6.4E-17 N = m*aI can google the mass of an electron, but should I really have to to solve this problem? Since the mass of an electron isn't given in the book?

(mass of electron = 9.10938188 × 10-31 kg in google search). so if I do your way:6.4XE-17 N / 9.10938188E-31 = acceleration ?

Since Newtons is essentially kg*m/s^2 right? Thanksedit:

So I get 1.00128E-21m/S^2 for acceleration
 
Last edited:
Yep, that's right.
Hmm it's strange that the mass wasn't given to you.
But to be honest I can't see anything wrong with this way.
If I was presented with this question I would do it that way.
 
Ed, that makes sense.

So I find the acceleration is 1.00128E-21m/s^2I convert that to centimeters and get:

1.00128E-19 cm/s^2 = accelerationso what do I do to solve question A which asks "Find the speed of the electrons when they hit the screen." ?

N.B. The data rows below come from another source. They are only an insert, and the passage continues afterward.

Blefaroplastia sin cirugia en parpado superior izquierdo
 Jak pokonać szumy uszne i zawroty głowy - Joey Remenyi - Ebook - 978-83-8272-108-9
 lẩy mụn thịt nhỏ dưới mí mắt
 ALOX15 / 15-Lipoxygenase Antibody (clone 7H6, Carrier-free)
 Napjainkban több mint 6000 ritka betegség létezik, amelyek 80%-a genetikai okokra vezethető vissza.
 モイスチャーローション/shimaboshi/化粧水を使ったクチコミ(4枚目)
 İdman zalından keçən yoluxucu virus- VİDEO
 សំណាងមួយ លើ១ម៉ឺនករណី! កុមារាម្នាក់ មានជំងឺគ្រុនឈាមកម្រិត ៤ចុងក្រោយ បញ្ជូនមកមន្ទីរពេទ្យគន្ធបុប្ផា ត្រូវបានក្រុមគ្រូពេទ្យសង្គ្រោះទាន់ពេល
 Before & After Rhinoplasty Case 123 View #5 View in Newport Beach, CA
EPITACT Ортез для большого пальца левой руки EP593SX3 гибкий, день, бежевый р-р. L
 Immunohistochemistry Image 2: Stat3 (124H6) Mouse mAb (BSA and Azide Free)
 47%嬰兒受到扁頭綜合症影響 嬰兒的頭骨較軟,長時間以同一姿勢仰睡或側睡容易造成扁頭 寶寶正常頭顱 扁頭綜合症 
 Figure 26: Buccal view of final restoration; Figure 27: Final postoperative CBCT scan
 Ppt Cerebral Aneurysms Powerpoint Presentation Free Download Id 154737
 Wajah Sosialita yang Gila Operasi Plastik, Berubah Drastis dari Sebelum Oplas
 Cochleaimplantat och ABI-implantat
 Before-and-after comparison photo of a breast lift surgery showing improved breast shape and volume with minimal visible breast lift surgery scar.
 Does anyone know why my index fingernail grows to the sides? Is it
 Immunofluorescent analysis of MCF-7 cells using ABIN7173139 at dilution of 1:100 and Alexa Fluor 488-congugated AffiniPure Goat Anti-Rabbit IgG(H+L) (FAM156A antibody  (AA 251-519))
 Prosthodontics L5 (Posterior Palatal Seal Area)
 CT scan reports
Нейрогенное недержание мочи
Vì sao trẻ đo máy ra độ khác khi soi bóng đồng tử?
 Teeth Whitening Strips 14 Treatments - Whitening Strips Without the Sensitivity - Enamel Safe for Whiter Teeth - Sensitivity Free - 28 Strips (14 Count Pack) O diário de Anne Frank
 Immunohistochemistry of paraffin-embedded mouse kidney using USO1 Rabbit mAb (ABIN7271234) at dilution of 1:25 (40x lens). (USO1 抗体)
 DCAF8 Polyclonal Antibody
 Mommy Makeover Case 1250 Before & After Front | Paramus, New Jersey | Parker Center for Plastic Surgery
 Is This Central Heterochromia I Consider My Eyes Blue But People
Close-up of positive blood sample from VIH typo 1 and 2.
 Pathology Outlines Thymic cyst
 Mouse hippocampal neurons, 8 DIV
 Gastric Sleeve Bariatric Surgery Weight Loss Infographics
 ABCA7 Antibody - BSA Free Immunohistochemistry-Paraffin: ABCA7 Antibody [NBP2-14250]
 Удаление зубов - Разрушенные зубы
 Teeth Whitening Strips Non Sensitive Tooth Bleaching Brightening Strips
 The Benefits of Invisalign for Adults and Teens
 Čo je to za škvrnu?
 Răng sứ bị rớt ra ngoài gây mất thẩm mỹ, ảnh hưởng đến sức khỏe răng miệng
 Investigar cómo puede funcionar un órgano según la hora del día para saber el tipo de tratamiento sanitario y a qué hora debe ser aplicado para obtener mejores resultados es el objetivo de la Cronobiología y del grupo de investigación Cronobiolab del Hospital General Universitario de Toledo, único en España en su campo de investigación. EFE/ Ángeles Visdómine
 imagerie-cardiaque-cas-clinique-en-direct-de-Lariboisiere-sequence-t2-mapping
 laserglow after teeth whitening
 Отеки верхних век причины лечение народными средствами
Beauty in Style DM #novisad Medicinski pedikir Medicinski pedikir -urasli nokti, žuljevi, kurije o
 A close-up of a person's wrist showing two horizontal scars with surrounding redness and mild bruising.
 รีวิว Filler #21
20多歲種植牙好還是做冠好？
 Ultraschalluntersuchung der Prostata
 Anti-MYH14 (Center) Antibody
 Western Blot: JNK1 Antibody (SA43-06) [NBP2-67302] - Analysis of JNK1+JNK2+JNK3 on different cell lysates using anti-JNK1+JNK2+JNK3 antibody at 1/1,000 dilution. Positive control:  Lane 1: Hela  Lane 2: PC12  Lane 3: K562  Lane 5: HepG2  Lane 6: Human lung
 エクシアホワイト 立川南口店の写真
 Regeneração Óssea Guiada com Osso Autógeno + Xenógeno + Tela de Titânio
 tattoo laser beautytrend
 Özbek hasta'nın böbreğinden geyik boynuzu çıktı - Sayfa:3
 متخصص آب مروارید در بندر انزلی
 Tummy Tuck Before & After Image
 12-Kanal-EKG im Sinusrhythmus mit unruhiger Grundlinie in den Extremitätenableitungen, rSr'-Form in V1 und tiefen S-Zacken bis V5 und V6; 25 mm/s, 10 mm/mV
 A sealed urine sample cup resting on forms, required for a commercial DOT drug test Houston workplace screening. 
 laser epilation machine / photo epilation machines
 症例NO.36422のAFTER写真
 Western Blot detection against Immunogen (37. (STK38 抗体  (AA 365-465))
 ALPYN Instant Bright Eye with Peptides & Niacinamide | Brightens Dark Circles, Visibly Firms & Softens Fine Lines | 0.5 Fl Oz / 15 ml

I have no clue what to do, any hints would be helpful. Thank you
 
Ok so read over the question again, it says that it stops accelerating after 2cm, right?
 
it stops accelerating after 2.0cm and then continues at a constant velocity for 45cm.

Thanks Ed
 
Recheck your calculation of the acceleration.
 
No problem.
:smile::smile:
 
  • #10
hmm, I still get 1.00128E-21 m/s^2 for acceleration...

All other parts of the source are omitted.